Hizo los goles de Atlético Mineiro y fue una de las figuras del cruce contra Danubio en la ida. En la vuelta repitió la marca.

Ricardo Oliveira juega al fútbol hace tanto tiempo que hace dos años, antes de jugar un partido contra Independiente Santa Fe por la CONMEBOL Libertadores, la voz del estadio pidió por un minuto de silencio por la muerte de Ricardo Oliveira. Sonaron trompetas y todo. Él estaba parado en el círculo central y, luego, aseguró no haberse percatado. La gente rezaba, acongojada. Él estaba allí parado, preparado, para jugar la Copa con la camiseta de Santos. Una competición en la que es especialista: con los cuatro gritos contra Danubio en la Fase 2 llegó a su gol número 18 en 27 partidos jugados por Libertadores.

Oliveira tiene 38 años. Juega profesionalmente desde la temporada 2000. Era tan bueno que Valencia rápidamente puso los ojos sobre él, un desconocido delantero de Portuguesa. La rompió: haciendo sociedad con Pablo Aimar, ganaron la Liga en 2004. Recién en 2014, Atlético Madrid salió campeón y alteró el ciclo que Real Madrid y Barcelona se pasaban desde el día que los valencianos lo lograron. La temporada siguiente obtuvieron la Copa del Rey. Ya no se pudo sostener allí: Milan, un gigante, lo contrató.

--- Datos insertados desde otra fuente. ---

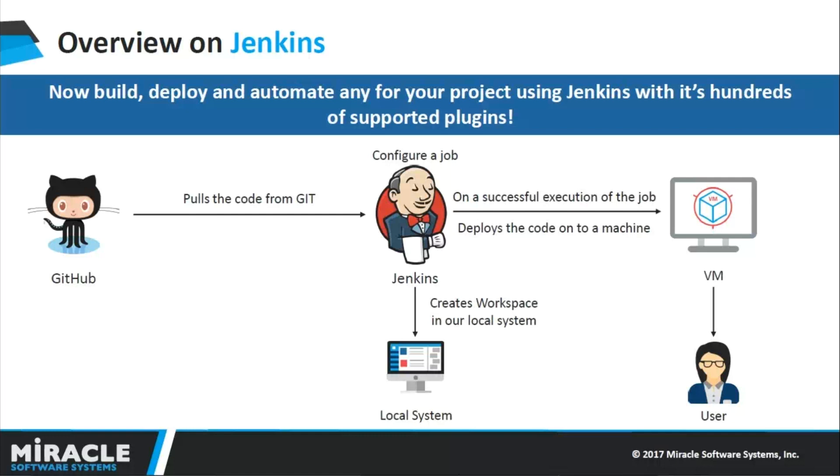If you can see on my screen, we are trying to pull the code from Git onto Jenkins. Jenkins does this automatically. Then, we will be configuring a job execution. Jenkins will deploy your application onto your configured system. In my case, it's just a VM.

Oliveira ya lleva más de 300 gritos en Primera. Su capacidad para definir resulta impresionante. Aún así, Federico Cristóforo, el arquero de Danubio, planteó un duelo de altísimo nivel: le sacó dos mano a mano impresionantes. Igualmente, el delantero brasileño se las ingenió para meterle dos gritos. El segundo fue un buen ejercicio para que vean los novatos centrodelanteros: cabezazo cambiándole la trayectoria a la pelota. En la vuelta hizo lo mismo: el primero de penal tras un movimiento suyo espectacular y el segundo es un golazo en el que recibe una asistencia y su definición es exacta a contrapierna del defensor que llegaba para cerrar.

El delantero asume que parte de su buen nivel no sólo tiene que ver con el entrenamiento sino con su fe espiritual. Es pastor en una iglesia. Esa convicción, sostenida en su talento, lo llevó hasta a ser convocado, con 35 años, por Dunga para la Selección de Brasil, mientras jugaba en Santos y ganaba el torneo Paulista en las ediciones 2015 y 2016.

Oliveira la peleó desde siempre. De chico, lavaba autos para poder ayudar a su madre y a sus cinco hermanos. Su padre murió cuando era un niño. El entrenador Rafa Benítez, cuando lo contrataron en su Valencia, declaró: "Pedí un sofá y me trajeron una lámpara". Iba a jugar un Mundial, Alemania 2006, y se rompió la rodilla, siendo futbolista de Betis. Nunca frenó. Nunca frena. Sigue haciendo historia. Por eso, a los 38 años, sigue brillando.